Em meio aos destroços de antigas residências do Morro da Providência, no bairro da Gamboa, no centro do Rio, uma expressão artística se destaca. À primeira vista, parece um truque de ilusão de ótica, mas depois que a visão vai se acostumando ao ambiente é possível ver rostos desenhados em paredes envelhecidas de algumas residências. São lembranças de pessoas, cuja biografia faz parte da memória da comunidade.
Para entender essa história é preciso voltar no tempo. Em 2012, o fotógrafo Maurício Hora, coordenador do espaço cultural Casa Amarela, pensou em levar um trabalho artístico ao Morro da Providência. Maurício fez contato com o colega francês JR, que localizou o artista urbano, pintor e grafiteiro português Alexandre Farto, mais conhecido como Vhils, que aceitou o desafio de deixar sua marca na Providência, comunidade que antes da pacificação era dominada pela violência, mas que agora respira o clima de paz.
Nascido em Lisboa, em 1987, Vhils formou-se pela University of Arts, de Londres e realiza trabalhos que vão da animação à xilogravura. O artista ganhou fama, por estampar imagens de rostos desconhecidos, com grandes dimensões, com uso de martelo, espátula, cinzel e, até mesmo, explosivos sobre superfícies. Trabalha quebrando ou raspando muros, portas e cartazes publicitários. Antes de vir para o Rio, Vhils passou por grandes cidades como Moscou, Londres e Nova York.
Os rostos
Mas de quem são os rostos que chamam tanta atenção na comunidade e quais são as suas histórias? A resposta não é difícil, depois de uma rápida pesquisa na comunidade. Ao lado da famosa escadaria que dá acesso ao morro está esculpida a face de Humberto Luiz dos Santos, de 73 anos, que mora há 50 anos na Providência. As linhas de seu rosto, nítidas no seu retrato, mostram que ele tem muita história para contar.
– Falaram que queriam fazer um retrato meu na parede, vieram aqui e tiraram fotos. Depois disso, as pessoas sempre vêm me procurar, falam que o meu retrato foi o que ficou mais autêntico, até tiram fotos para comparar. Eles dizem que o meu rosto ficou famoso, mas eu acho que não – declarou Humberto.
A imagem na parede de sua antiga casa é uma recordação de um longo período vivido na comunidade, cheio de altos e baixos. Humberto conta que na época em que morava ao lado da escadaria passou por maus momentos, devido à violência que assolava a região antes da UPP.

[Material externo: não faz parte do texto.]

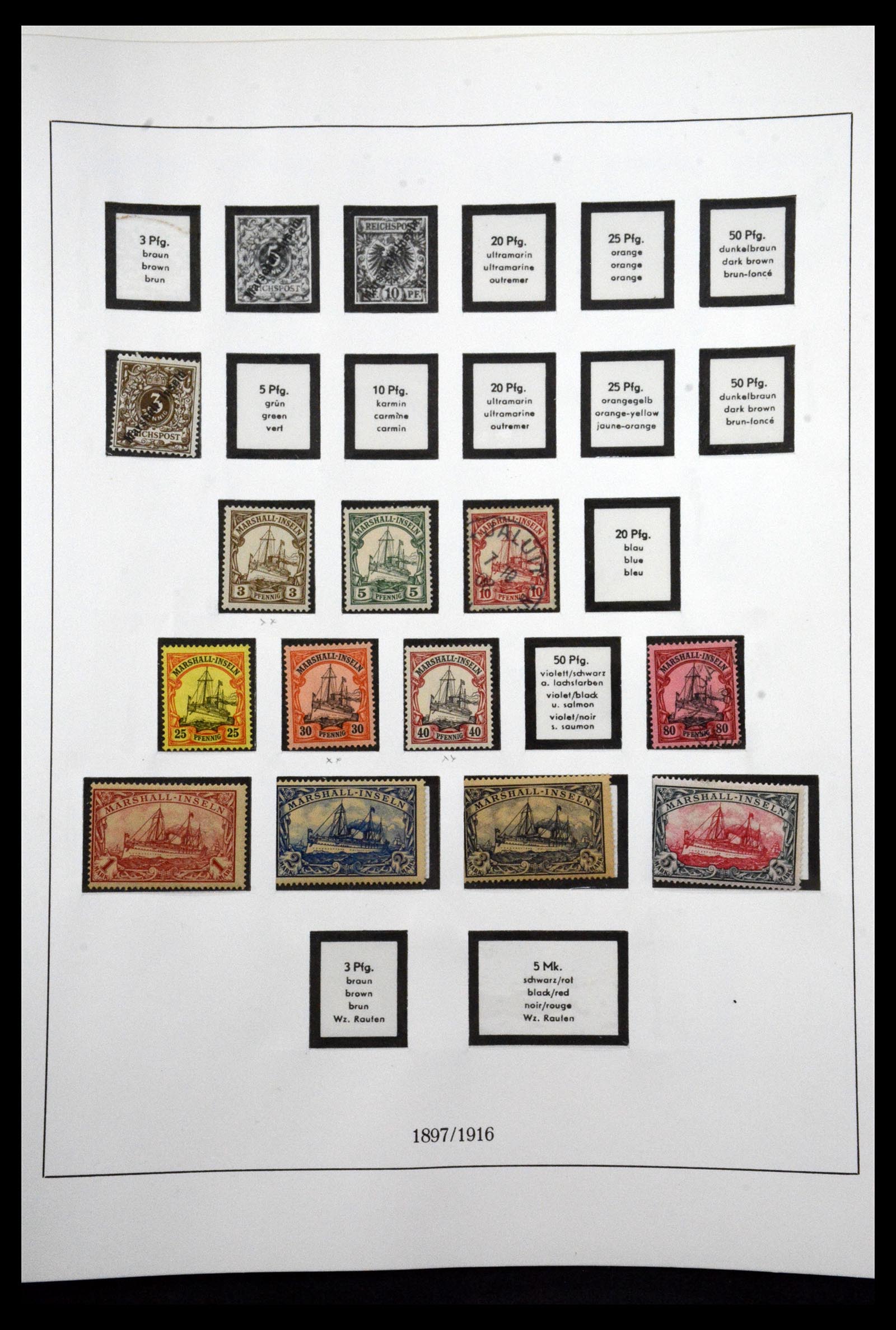 36863 020 - Stamp collection 36863 German colonies 1884-1919.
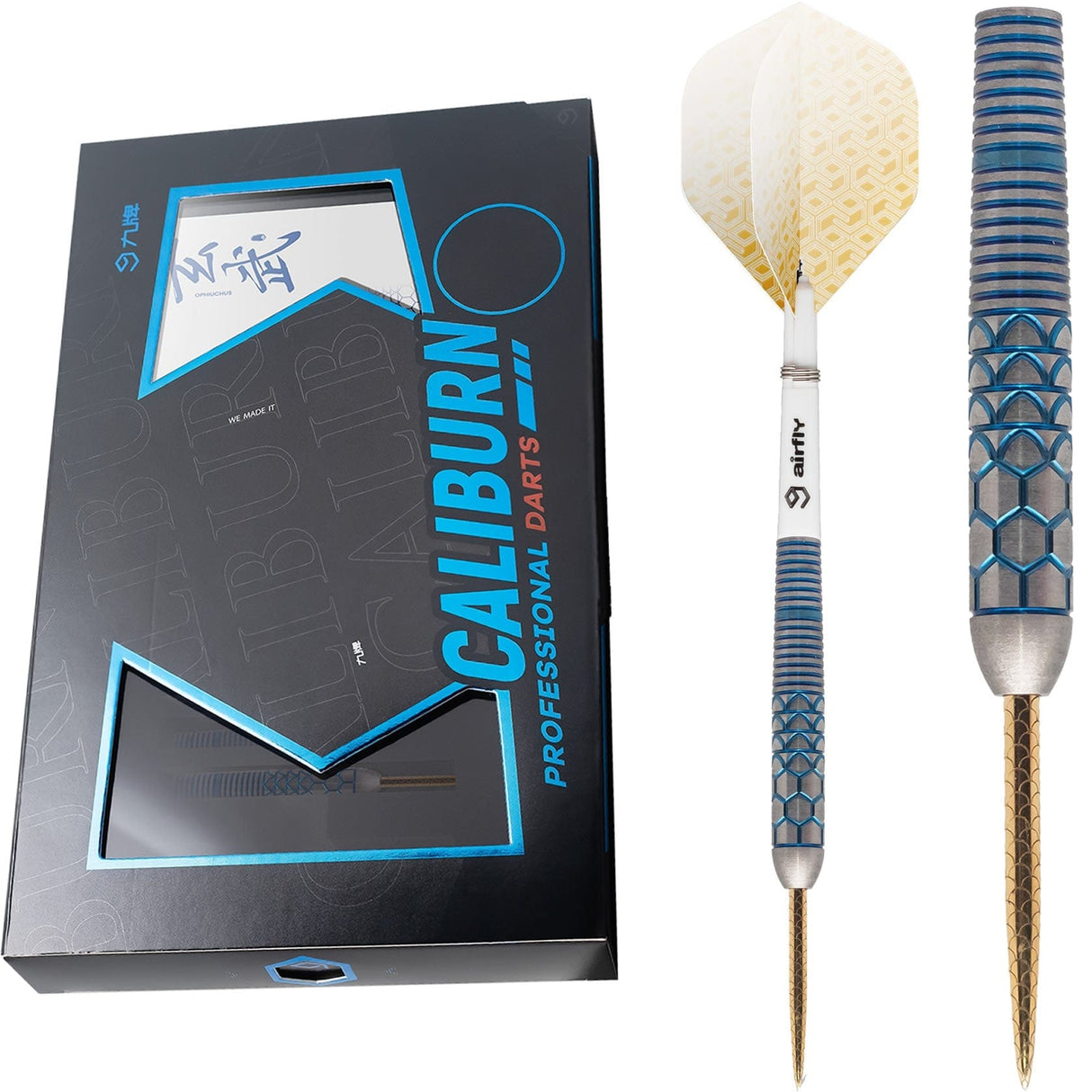*Caliburn Ophiuchus Darts - Steel Tip - 95% - Blue 22g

– Eu gostava de pegar uma cadeira e sentar em frente à minha porta, mas várias vezes, um tiroteio começava e eu nem tinha tempo de levantar para entrar: jogava minhas pernas para o alto e virava minha cadeira para dentro de casa. Hoje isso aqui está um paraíso, posso até dormir do lado de fora se quiser – brinca.
Misael Silva, mais conhecido como Piolho, de 63 anos, também mora há décadas na Providência. Seu rosto foi estampado no final da escada que dá acesso à comunidade.
– Moro aqui há bastante tempo, já vivi muita coisa. Aí no ano passado me procuraram para saber se eu deixava colocarem o meu rosto na parede e eu disse que sim. As pessoas chegam aqui curiosas, ficam perguntando de quem é o retrato e aí os moradores dizem que é meu. É uma lembrança que ficou – revela.
Edson da Silva Oliveiro, o Seu Edinho, 73 anos, é um dos moradores mais antigos do morro. Figura ilustre da Providência, ele foi o primeiro gari comunitário (contratado especialmente para limpar a favela) e trabalhou durante anos como bombeiro hidráulico. Hoje, aposentado, distribui sorrisos e conta histórias do ambiente onde vive.
– Os estrangeiros me procuraram e eu disse que podiam fazer uma foto minha, afinal eu não sou perseguido pela polícia (risos). A gente não é conhecido, então quando vê uma obra como essa se sente orgulhoso. Quando uma pessoa vem falar comigo, fico muito feliz. Eu não posso reclamar nada da vida, nesses 73 anos trabalhei, criei meu filhos e vivo bem
No dia 26 de setembro, o artista Vhills deverá voltar ao Rio de Janeiro para lançar o catálogo da exposição que fará no Museu de Arte do Rio, com os desenhos das figuras que gravou nas paredes do Morro da Providência.